Non vi è nulla, nel corpo dei provvedimenti giurisdizionali, che consenta di affermare – a titolo esemplificativo – che la non meglio precisata impresa assegnataria del servizio di smaltimento dei rifiuti del Comune di Gela fosse mafiosa o “in odore di camorra”; di sostenere che il Sindaco e gli assessori non si siano, intenzionalmente o per paura, rivolti alle autorità di polizia per denunciare reati commessi dai responsabili dell’azienda, a loro ben noti; di insinuare che tale, assunta inerzia sia la conseguenza di connivenze tra gli amministratori e la mafia gelese, che manipolerebbe il loro operato dietro le quinte.
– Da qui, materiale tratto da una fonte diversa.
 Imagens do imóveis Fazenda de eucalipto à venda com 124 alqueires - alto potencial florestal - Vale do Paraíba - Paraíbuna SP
2. Ai sensi dell’art. 616 cod. proc. pen., alla declaratoria di reiezione del ricorso, consegue la condanna del ricorrente al pagamento delle spese del procedimento.
3. L’imputato deve essere infine condannato alla rifusione delle spese di rappresentanza e difesa sostenute nel presente giudizio dalla parte civile, la quale ha depositato una tempestiva memoria attraverso la quale ha contrastato la pretesa dell’imputato per la tutela dei propri interessi (cfr. Sez. U, n. 5466 del 28/01/2004, Gallo, Rv. 226716 e Sez. U n. 877 del 14/07/2022, dep. 2023, Sacchettino); spese che, tenuto conto della natura del processo e dell’opera prestata (studio e deposito di una memoria) possono liquidarsi in complessivi euro 3000, oltre accessori di legge
P.Q.M.
rigetta il ricorso e condanna il ricorrente al pagamento delle spese processuali.
Condanna, inoltre, l’imputato alla rifusione delle spese di rappresentanza e difesa sostenute nel presente giudizio dalla parte civile, che liquida in complessivi euro 3000,00, oltre accdessori di legge.
Così deciso in Roma, 05/06/2025
Depositato in Cancelleria il giorno 1 luglio 2025.